▸ PROBLEM TO SOLVE
Filter the entries and keep only the lines where the string "White" appears.
******************************
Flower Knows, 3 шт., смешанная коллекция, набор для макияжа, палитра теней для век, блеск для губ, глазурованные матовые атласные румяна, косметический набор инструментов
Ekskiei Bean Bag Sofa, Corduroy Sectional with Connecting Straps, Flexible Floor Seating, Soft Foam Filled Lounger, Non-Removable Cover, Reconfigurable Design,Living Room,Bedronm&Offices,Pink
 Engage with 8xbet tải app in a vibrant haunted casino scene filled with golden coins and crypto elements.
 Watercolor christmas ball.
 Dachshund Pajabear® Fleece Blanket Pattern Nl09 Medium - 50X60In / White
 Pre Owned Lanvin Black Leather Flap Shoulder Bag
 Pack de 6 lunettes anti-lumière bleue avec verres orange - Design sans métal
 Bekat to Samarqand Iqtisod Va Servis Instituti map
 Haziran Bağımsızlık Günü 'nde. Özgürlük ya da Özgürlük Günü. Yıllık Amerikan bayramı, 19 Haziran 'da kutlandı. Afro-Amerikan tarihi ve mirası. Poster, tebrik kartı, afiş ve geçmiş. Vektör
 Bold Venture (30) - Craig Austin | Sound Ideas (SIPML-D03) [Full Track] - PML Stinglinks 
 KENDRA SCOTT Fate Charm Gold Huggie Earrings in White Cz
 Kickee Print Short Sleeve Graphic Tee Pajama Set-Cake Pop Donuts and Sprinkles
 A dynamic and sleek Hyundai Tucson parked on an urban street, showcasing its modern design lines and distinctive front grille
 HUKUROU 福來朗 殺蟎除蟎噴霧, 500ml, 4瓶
******************************
▸ ANSWER TO THIS TASK
 Dachshund Pajabear® Fleece Blanket Pattern Nl09 Medium - 50X60In / White
 KENDRA SCOTT Fate Charm Gold Huggie Earrings in White Cz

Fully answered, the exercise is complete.